RECORDS FOR THIS TASK =>

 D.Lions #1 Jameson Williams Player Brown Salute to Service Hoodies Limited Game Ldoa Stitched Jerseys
...
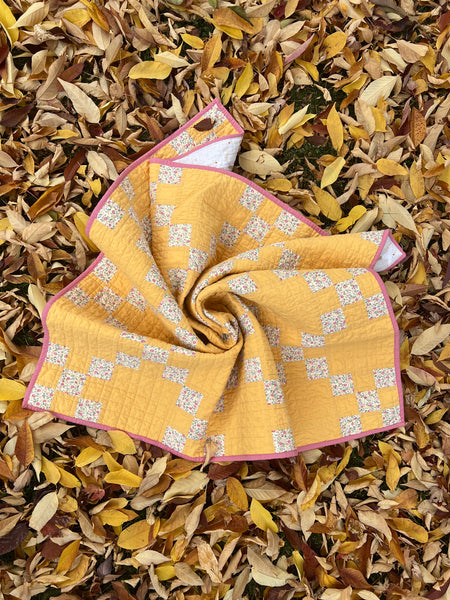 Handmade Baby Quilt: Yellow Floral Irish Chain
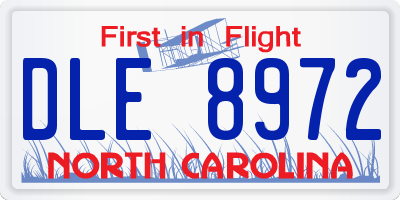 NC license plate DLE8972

TASK TO CARRY OUT =>
What do the entries above read from the line containing "Handmade Baby Quilt: Yellow" through the line containing "NC license plate DLE8972"? Output those lines exactly, both ends included, with the pictures left out.

ANSWER AREA =>
 Handmade Baby Quilt: Yellow Floral Irish Chain
 NC license plate DLE8972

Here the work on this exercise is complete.